Trotz harscher Kritik zieht Linz positive Schlüsse
Im aktuellen Rechnungshofbericht über das verlustreiche Spekulationsgeschäft „Swap 4175“ hat die Linzer Stadtpolitik ihr Fett abbekommen. Diese Zinswette auf Schweizer Franken-Basis, die Linz 2007 mit der Bawag abgeschlossen hat, war laut Rechnungshof „von Anfang an für die Stadt ungeeignet“ und optimierte die Linzer Finanzschulden, insbesondere eine 195-Millionen-Franken-Anleihe, nicht. Einerseits war der Swap so konstruiert, dass die Zinssätze „exponentiell ansteigen“ können, anderseits wurde das Franken-Währungsrisiko gar nicht abgesichert.
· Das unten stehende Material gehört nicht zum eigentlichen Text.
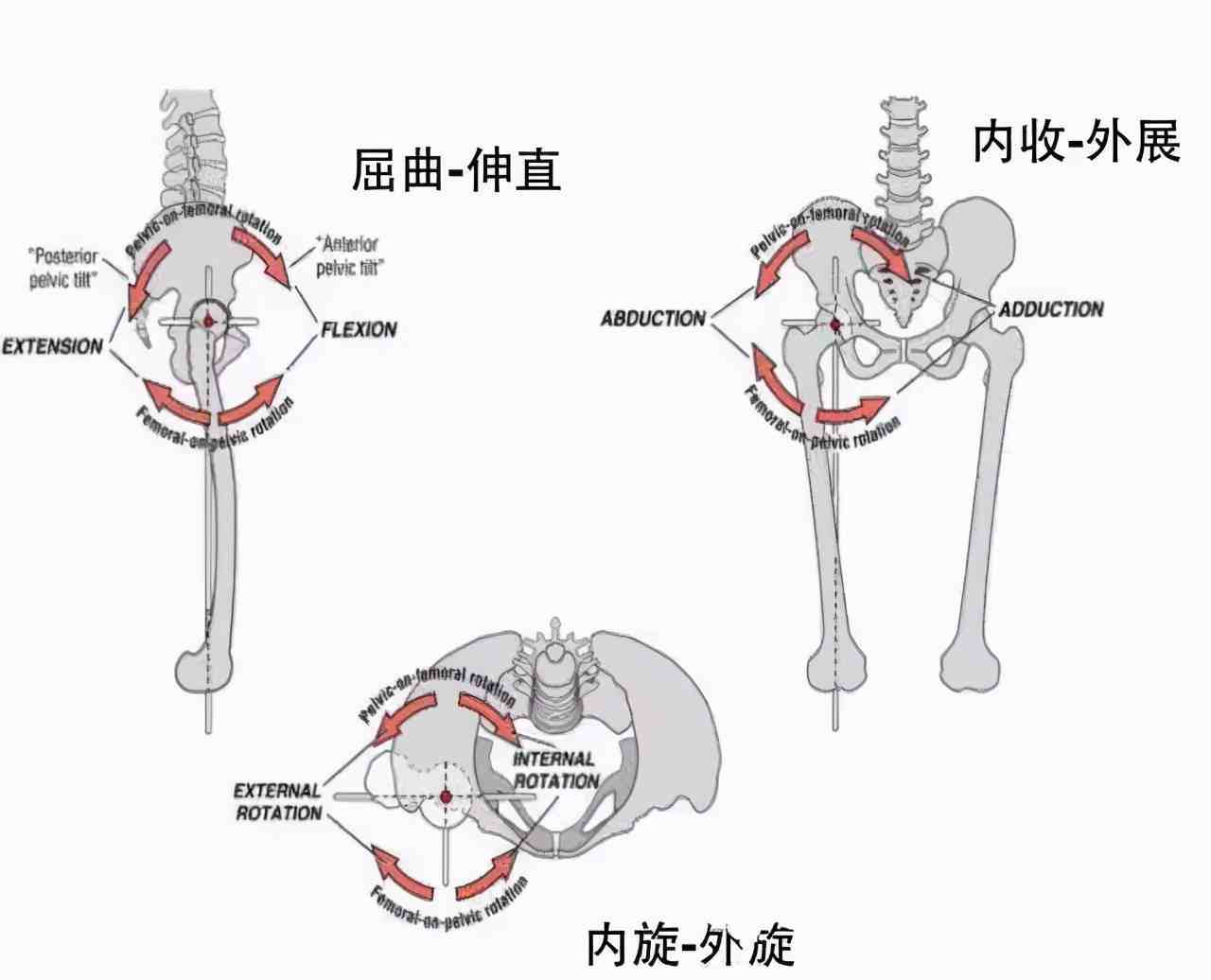 髋关节内收动作示意图图片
„Das Derivatgeschäft führte zu einem potenziell unbegrenzten Risiko für die Stadt, je nachdem wie sich der Euro-Franken-Kurs entwickelte“, stellten die Prüfer fest. „Das war bereits zum Zeitpunkt des Abschlusses der Zinswette zu erkennen.“ Auch habe ein entsprechendes Risikomanagement in Linz gefehlt. Und: Linz hätte früher die Reißleine ziehen und Ausstiegsangebote der Bawag annehmen müssen.
„Die Kritik an den verschiedenen Akteuren in der Linzer Politik und Stadtverwaltung ist nur eine Seite der Medaille“, sagt Universitätsprofessor Meinhard Lukas, Rechtsberater der Stadt Linz. „Die andere Seite ist, welche zivilrechtlichen Schlussfolgerungen daraus gezogen werden können.“ Denn: Es steht viel Geld auf dem Spiel. Die Stadt hat die Zinswette einseitig gekündigt, die Bawag klagte daraufhin 417,74 Millionen Euro Schaden ein.
Geschäft unwirksam?
„Entgegen aller Privatgutachten der Bawag, die diese Zinswette als sinnvoll und vernünftig einstufen, stellt der Rechnungshof klar, dass das Geschäft unverantwortlich war und allen Regeln widerspricht“, sagt Lukas. Es fehlt dafür auch der entsprechende Gemeinderatsbeschluss. Lukas folgert aus der RH-Kritik, dass das Swap-Geschäft rechtlich unwirksam ist. Damit wäre Linz aus dem Schneider und müsste nichts zahlen. Doch der Ball liegt beim Handelsgericht Wien.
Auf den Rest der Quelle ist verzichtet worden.